Underlining the chill in India-Pakistan relations, Islamabad has accused New Delhi of allegedly “harassing” its diplomats and their families in India, and threatened to pull them out of the capital if the “intimidation” did not stop.
The charges, detailed in diplomatic correspondence known as note verbale, come after several complaints arose of harassment of Indian diplomats in the Pakistani capital, including hurdles being created for the High Commission to use its residential complex and the High Commissioner’s membership of Islamabad Club being stalled.
Diplomatic sources told The Indian Express that the Pakistan High Commission in New Delhi had written four note verbale to the Ministry of External Affairs on Thursday, Friday and Saturday, alleging specific incidents of harassment of diplomats, their family members and Indian workers in the High Commission.
Sources said that a similar demand was also made to the Indian High Commission in Islamabad, with Pakistan threatening to pull out its families from New Delhi.
The note verbale allege a total of 18 incidents “of harassment and intimidation against the officers of the High Commission as well as the supporting staff” over the last week, which have been “brought to the attention of Foreign Secretary H.E. Mr Vijay Keshav Gokhale by the High Commissioner for Pakistan, H.E. Mr Sohail Mahmood and by acting foreign secretary to High Commissioner Ajay Bisaria”.
One of the alleged incidents on March 8 refers to “the morning between 0735-0800 hours, the vehicle (No. 89-CD-138) carrying the school going children of Deputy High Commissioner for Pakistan was followed by two cars from his residence to the British School, Chanakyapuri”.
”On the way both cars continuously obstructed, harassed and stopped the driver and this continued for almost 20 minutes. The driver was forced to get off the vehicle and was intimidated,” the communication claims.
The note verbale alleges that “after the kids were dropped off at the school, the driver was also harassed and told that it was a ‘response’ to what had been done to them”.

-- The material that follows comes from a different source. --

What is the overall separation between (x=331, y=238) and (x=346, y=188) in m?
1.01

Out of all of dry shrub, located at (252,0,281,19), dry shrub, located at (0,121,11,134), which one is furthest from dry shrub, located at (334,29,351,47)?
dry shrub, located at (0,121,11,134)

A note verbale is prepared in the third person and unsigned, which makes it less formal in nature.
On the other hand, government sources told The Indian Express that Indian officials in Islamabad are being subjected to increased hostility, harassment and intimidation. Sources said that in view of such an atmosphere, many families have returned to India.
According to sources, the Indian High Commissioner lodged a strong protest on February 16, when he met Pakistan’s Foreign Secretary Tehmina Janjua, against “multiple acts of hooliganism” against Indian property and personnel.

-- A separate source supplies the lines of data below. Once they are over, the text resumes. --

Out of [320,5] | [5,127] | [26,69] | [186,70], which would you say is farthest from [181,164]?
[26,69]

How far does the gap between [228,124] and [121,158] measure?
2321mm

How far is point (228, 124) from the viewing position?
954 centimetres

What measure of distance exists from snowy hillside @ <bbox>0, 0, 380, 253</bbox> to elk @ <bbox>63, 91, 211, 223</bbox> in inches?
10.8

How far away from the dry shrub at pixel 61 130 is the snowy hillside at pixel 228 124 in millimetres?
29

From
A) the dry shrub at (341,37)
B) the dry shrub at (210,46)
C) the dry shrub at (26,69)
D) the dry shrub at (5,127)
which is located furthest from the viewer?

Sources said that in the intervening night of February 15 and 16, the residential complex in Islamabad, which is still under construction and is opposite the Indian High Commission premises, was raided by Pakistan agencies which expelled all service providers, and later disconnected power and water supply.

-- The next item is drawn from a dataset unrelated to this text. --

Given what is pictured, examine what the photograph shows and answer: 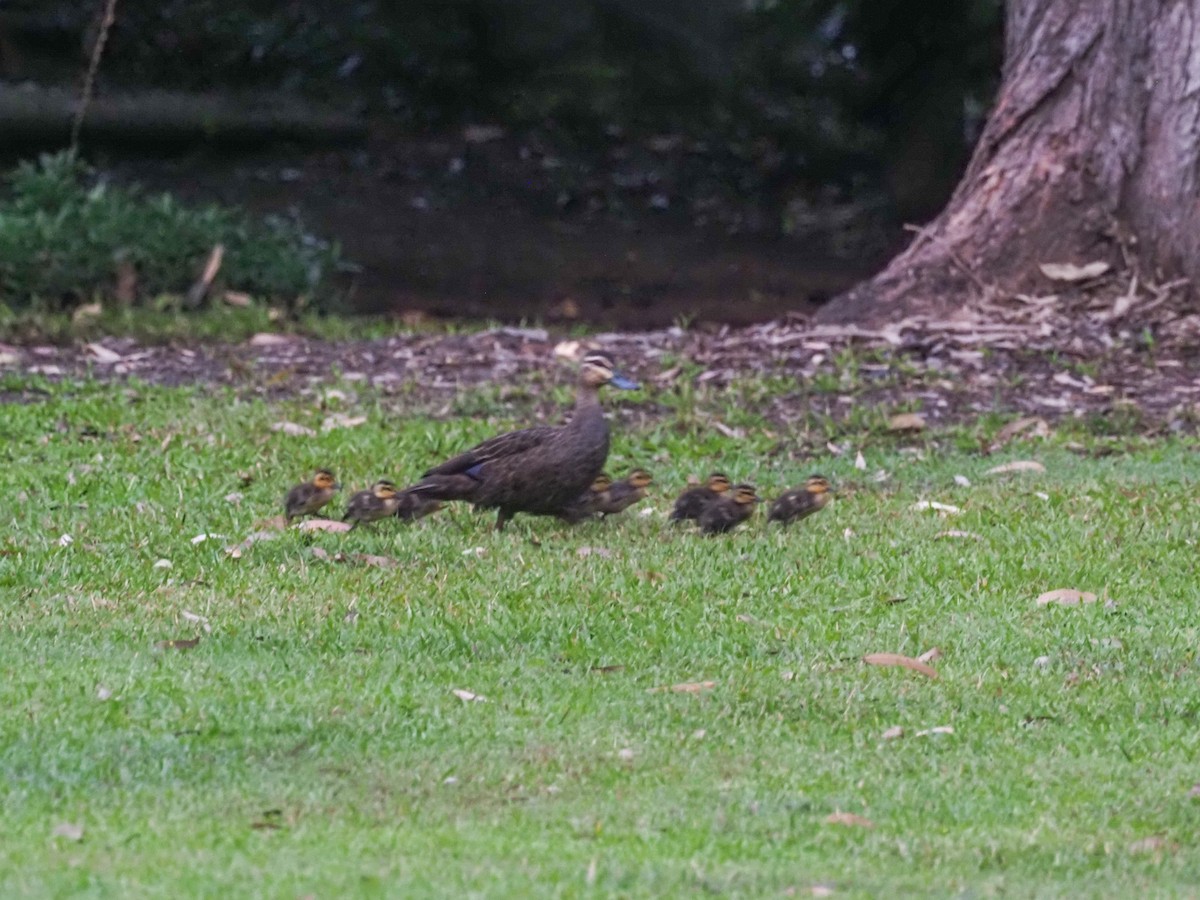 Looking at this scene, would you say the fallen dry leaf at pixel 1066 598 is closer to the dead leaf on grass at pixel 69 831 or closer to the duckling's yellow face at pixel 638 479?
the duckling's yellow face at pixel 638 479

Despite the Foreign Secretary’s assurance, power supply was not restored for over two weeks, sources said. Moreover, they said, there has been an undue delay by the Pakistan government in providing clearances for the complex. Indian diplomats continue to reside in different parts of Islamabad, compromising their security and safety, said sources.
According to sources, the Indian High Commissioner’s car was recently stopped by Pakistan’s agencies in the middle of a busy road to prevent him from attending a lunch hosted by the Bohra community in Karachi, where he had gone to attend a literature festival.
“The Pakistan High Commission has brought to MEA’s notice some incidents of alleged harassment over the last few days. These will no doubt be investigated. India makes all efforts to provide a safe, secure and hospitable environment for diplomats to work in. But unfortunately, this cannot be said of Islamabad,” said sources.
“The Indian High Commission in Pakistan has been facing tremendous harassment for long, particularly in the last year. However, Indian diplomats chose to tackle this matter with quiet and persistent diplomacy… In one case, an official’s home was broken into, and a laptop stolen,” sources said.
According to sources, aggressive surveillance, violation of physical space and tailing of officers in dangerous proximity has become a “perennial issue”.
“Agency personnel keep shooting videos of officers, thrusting phones into their faces. Obscene phone calls and messages are constantly received on phones,” sources said, adding that the issue has become “out of the ordinary” in recent months.
Besides, the Islamabad Club is learnt to have stalled the membership of Bisaria, who was posted as High Commissioner last year, without assigning any reason. The matter was resolved after it was raised with Pakistan foreign ministry, said sources.
Sources also said that such incidents had “greatly subsided” on both sides after 2001-2002 but happen as “tit-for-tat actions” in both national capitals. They said that all decisions about missions are taken on the basis of reciprocity.
In July 2016, the Indian High Commission in Pakistan was declared a “non-family posting” and families of diplomats were moved out of Islamabad. Families of Pakistani officials, however, continue to reside in Delhi.
Speaking to The Indian Express, T C A Raghavan, former Indian High Commissioner to Pakistan, said, “The tradition always has been that however bad the political relations between India and Pakistan, the relations between the diplomatic missions and the foreign offices have been good. That has been the case for last decade or so, and it should be maintained.”